# Eberspacher Airtronic



## Andysam

Hi All,

I've got this fitted on my van but I have concerns over the noise! Not externally- it sounds as it should there, but internally there is a large fan behind the passenger seat on my Flash 03 which is quite audible inside, as in the TV has to be turned up a notch or two to compensate. Is this level of noise correct?

I've only personally owned a hydronic before which did not have an internal air intake, nor do my vans at work which also have airtronics fitted, so to have a VERY large loud fan just by the lounge/dinette seems a bit excessive!

Any thoughts?


----------



## kandsservices

The fans can go noisey try lubricating it with wd40 or similar sometimes works.


----------



## Andysam

Thanks. Why do they need an internal intake fan? This is the first time I've come across it. Is it so that "warm" air is heated?


----------



## G4EKF

*Noisy Fan Bearing*

The only thing to do is to change the bearing if possible.
Once a bearing makes a lot of noise it is too late to do anything else

G4EKF


----------



## Techno100

Noisy bit of mine it the tap tap tap tap tap all blumin nite  presumably the fuel pump?


----------



## erneboy

Andysam said, "............... but internally there is a large fan behind the passenger seat on my Flash 03 ..............". 

I had Airtronic in my last van, the only fan was in the Airtronic unit. Reading your post I get the impression you are talking about an external fan, is that right? 

I think the Airtronic is a one piece unit without any external fans etc., Alan.


----------



## Andysam

Hi erneboy,

No, the fan is a large 8-10" wide fan which is an INTAKE mounted between the front pax set and the rear facing dinette seat.

I can only think it is there to have internal "warm" air heated instead of heating directly drawn external air. However, I have never known this with an Eber before so although it looks original, I am unsure a) Whether it should be there! and b) how noisy should it be.
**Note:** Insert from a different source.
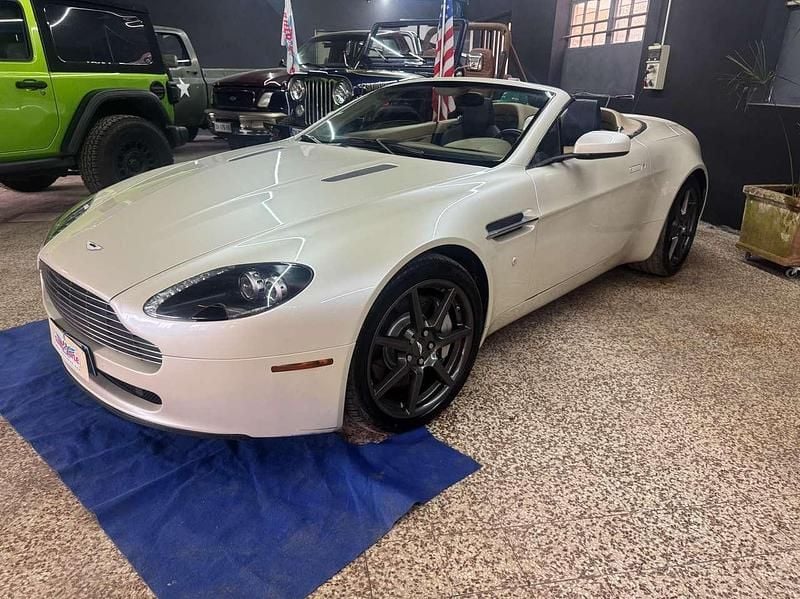 Usata Aston Martin V8 Vantage 385 CV (283 kW) 2008 Champagne metallik Cabrio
Perhaps only other Chausson owners can help with these q's? What I do know is that on other fitments I have had or used you can hear a fan at all.


----------



## erneboy

I take it this fan is connected to the back of the Airtronic by a bit of ducting or is it actually mounded into the casing? Alan.

Here is an Airtronic, it has no 8" fan connected to it: http://www.mailspeedmarine.com/cabin-heaters/eberspacher/airtronic-d2-3077-307869.bhtml


----------



## Andysam

erneboy said:


> I take it this fan is connected to the back of the Airtronic by a bit of ducting or is it actually mounded into the casing? Alan.
> 
> Here is an Airtronic, it has no 8" fan connected to it: http://www.mailspeedmarine.com/cabin-heaters/eberspacher/airtronic-d2-3077-307869.bhtml


It's connected (I think) by ducting. The van is being PDI'd and I'm collecting it tomorrow- if it's not right they can sort it before I pay for it!

I think I'll put a quick call in to a Chausson dealer.


----------



## erneboy

So it looks like an additional fan. It may be an Eberspacher accessory but the unit is designed to function without it, so perhaps if that's where the noise comes from you can do without it, Alan.


----------



## Andysam

Okay, I'm confused now! I've just spoken with my local Chausson agent (40miles) away who states the heater is a Webasto not an Eber and that the fan is audible but shouldn't be intrusive, however I have seen the control unit in the van and it is definitely an Eber control, in fact I have just had the supplying dealer swap it for an Eber 7 day timer and service it (they are an Eber agent).

I'm beginning to think this is an additional fan also. As long as it has an external air feed, I can see the pliers coming out for the supply to it!

Thanks so far, any further suggestions welcomed.


----------



## erneboy

The Webasto Airtop and the Eberspacher Airtronic units look almost exactly the same. Neither normally have or need another fan connected to them. It's highly unlikely though that Eberspacher controls will fit to or run a Webasto heater or vice versa. Both are clearly marked so it won't be hard to see which you have, Alan.


----------



## Don_Madge

Andysam said:


> Hi erneboy,
> 
> No, the fan is a large 8-10" wide fan which is an INTAKE mounted between the front pax set and the rear facing dinette seat.
> 
> I can only think it is there to have internal "warm" air heated instead of heating directly drawn external air. However, I have never known this with an Eber before so although it looks original, I am unsure a) Whether it should be there! and b) how noisy should it be.
> 
> Perhaps only other Chausson owners can help with these q's? What I do know is that on other fitments I have had or used you can hear a fan at all.


Hi Andy,

We have had the D2 airtronic for the last 7 years and it is mounted as you described.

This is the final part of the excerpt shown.